Stella y sus hermanos, entonces, crecieron escuchando las parrandas e historias del maestro Rafael Escalona y viendo y oyendo a los juglares y compositores vallenatos que llegaban hasta El Callao para participar en esas tertulias musicales que no pocas veces se alargaban durante días, a lo que se sumaba la radiola de la casa paterna que desde el amanecer hacía sonar, especialmente, los discos de Bovea y sus vallenatos.

Muchos años después, Stella, quien ya era reconocida en la región como una gran cantante vallenata, fue autorizada por Escalona para que grabara 16 de sus temas en un CD –el primero que se hizo en Valledupar– bajo el título El cantor de Patillal, la última composición del maestro y que, por supuesto, estaba incluida en él junto a Honda herida, La brasilera y El compadre Simón, entre otros.

En realidad, fue un guiño y reconocimiento de Escalona al inmenso talento de su sobrina, quien también incursionó con igual éxito en la composición de hermosos paseos y merengues como Canto a mi tierra y No es mentira.

Hoy son tiempos diferentes a los bucólicos que vivió durante su infancia, adolescencia y temprana adultez en los campos de Valledupar y en las entonces estrechas calles de esa ciudad, donde la brisa era el mejor mensajero de los cantos y notas del vallenato tradicional que hacían más llevadero el calor que desde muy temprano envuelve la región.

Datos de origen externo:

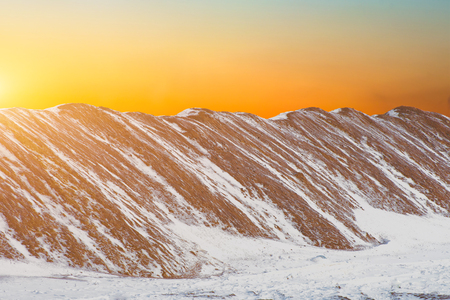 Sand dunes covered with white snow, ice, frost at sunsetの写真素材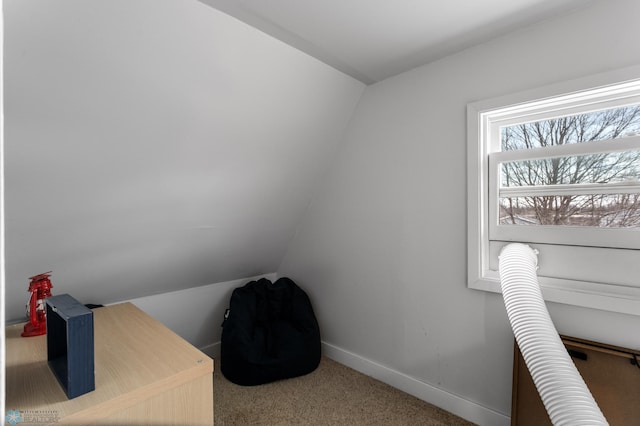 office area featuring vaulted ceiling, carpet flooring, and baseboards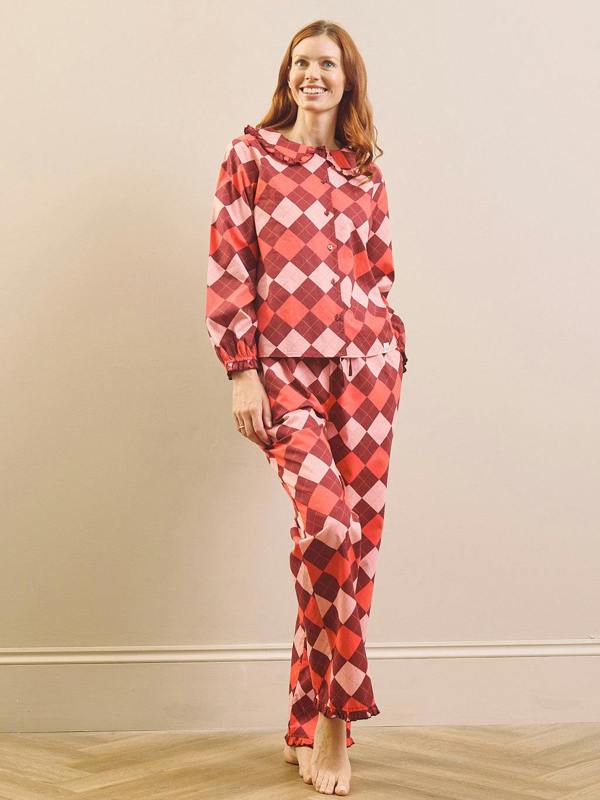 A woman modelling a matching two-piece pyjama set with a red, pink, and white harlequin diamond pattern, standing against a beige wall and light wood floor.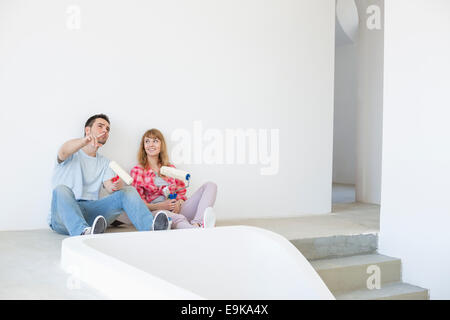 Couple getting ready to paint Stock Photo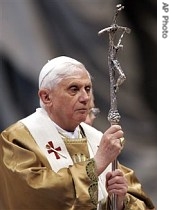 Pope Benedict XVI holds his pastoral staff during the Epiphany Mass in St. Peter's Basilica at the Vatican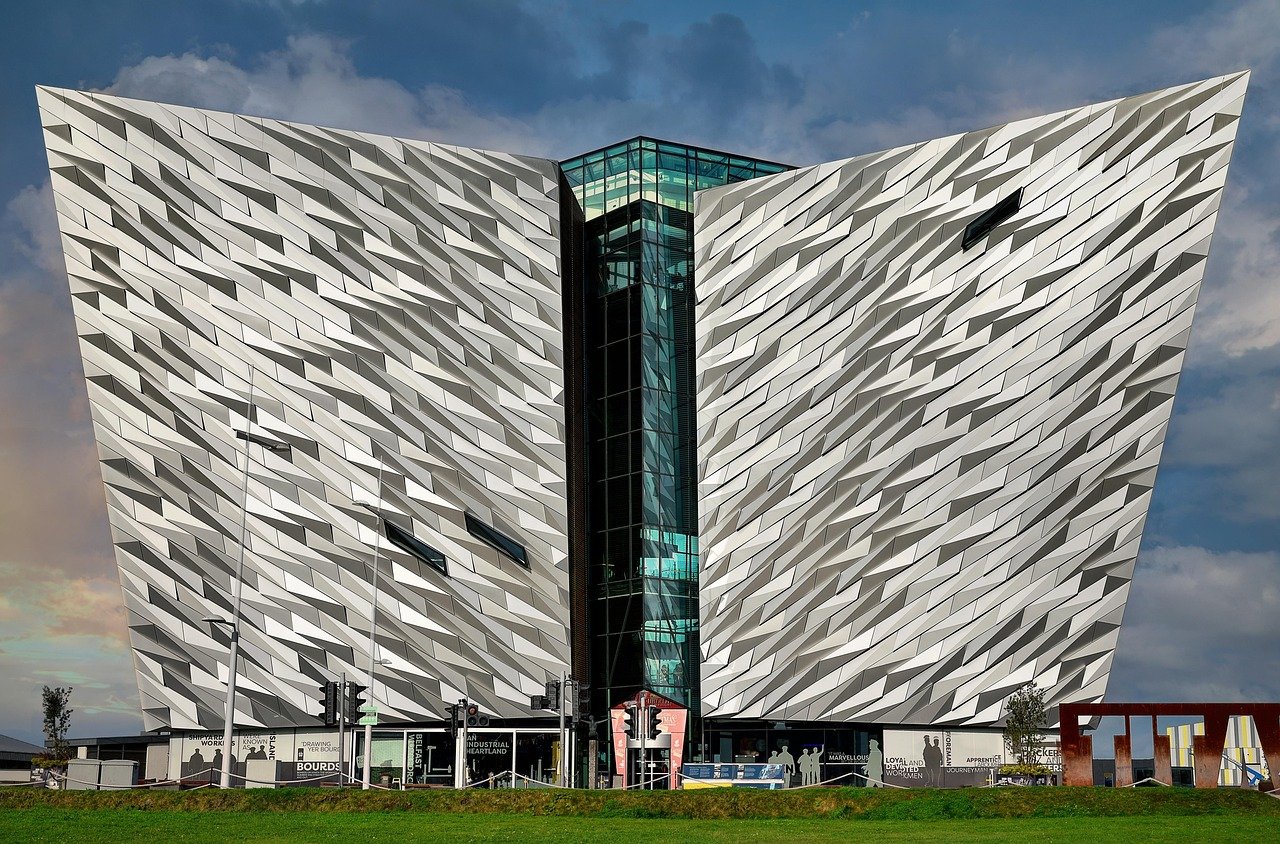 The silver hull-shaped facade of the Titanic Belfast building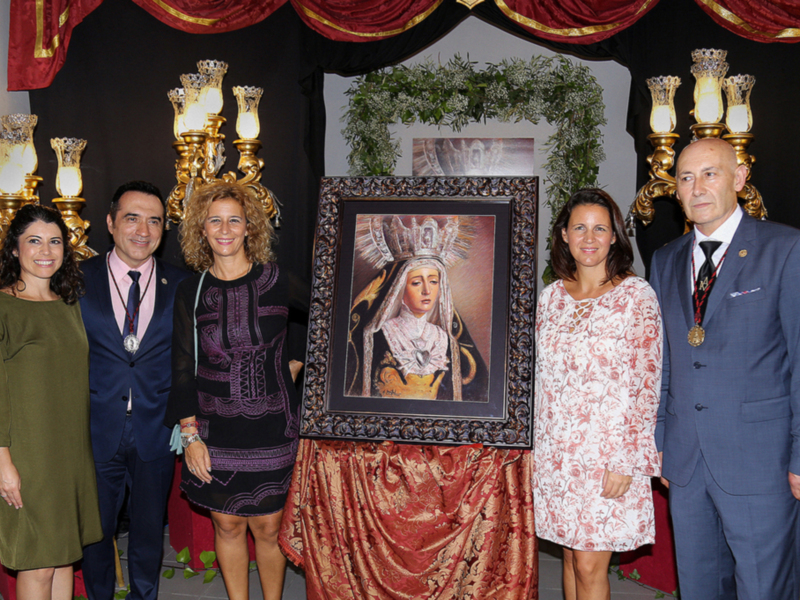 Celebración con autoridades y una imagen religiosa en un entorno formal y decorado.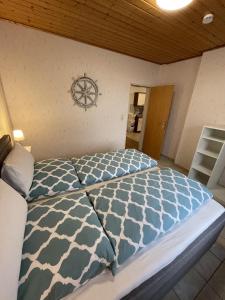 a bedroom with a large bed with blue and white comforter at In't Noord Kombüse in Stick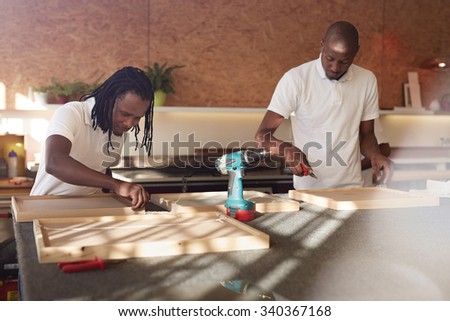 African carpenters making frames in their workshop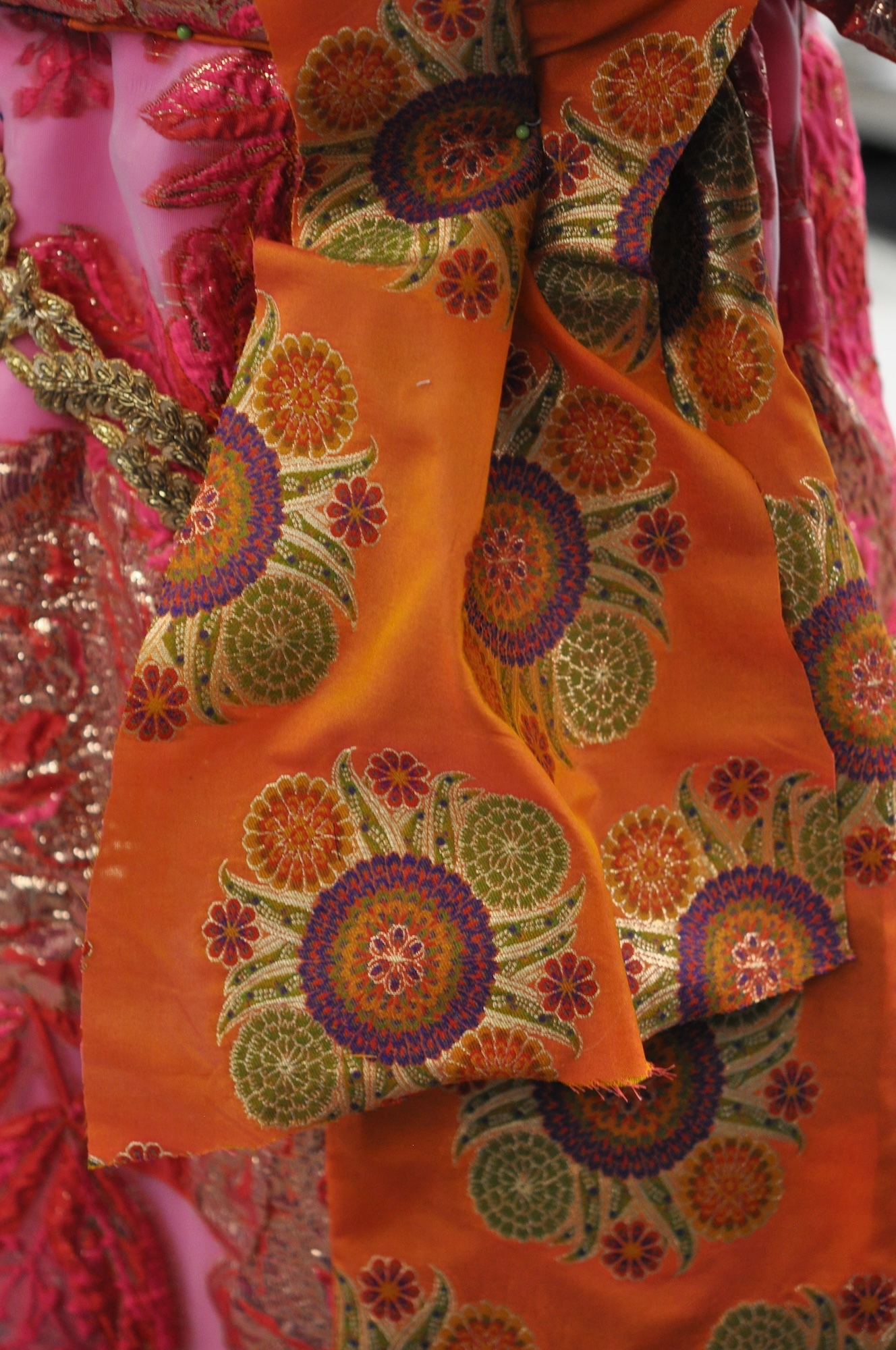 Close-up of part of a pink and orange Regency-style dress with a colourful floral design.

“Gran parte de lo que se toca hoy por el movimiento juvenil y se escucha por la calle no es vallenato”, afirma la maestra Stella y expone un argumento que, de entrada, suena irrebatible cuando se le habla de la necesidad de rescatar este patrimonio intangible de la humanidad: “Para que sea catalogado como vallenato debe ser un paseo, un merengue, una puya o un son y mucho de lo de hoy no lo es. Es, simplemente, una música que usa acordeón y se apoya en el nombre del vallenato, pero vallenato no es”, subraya con su voz de flauta dulce mientras la brisa de la media mañana besa y acaricia su cabello, como lo hace, perenne, el Guatapurí con sus playas.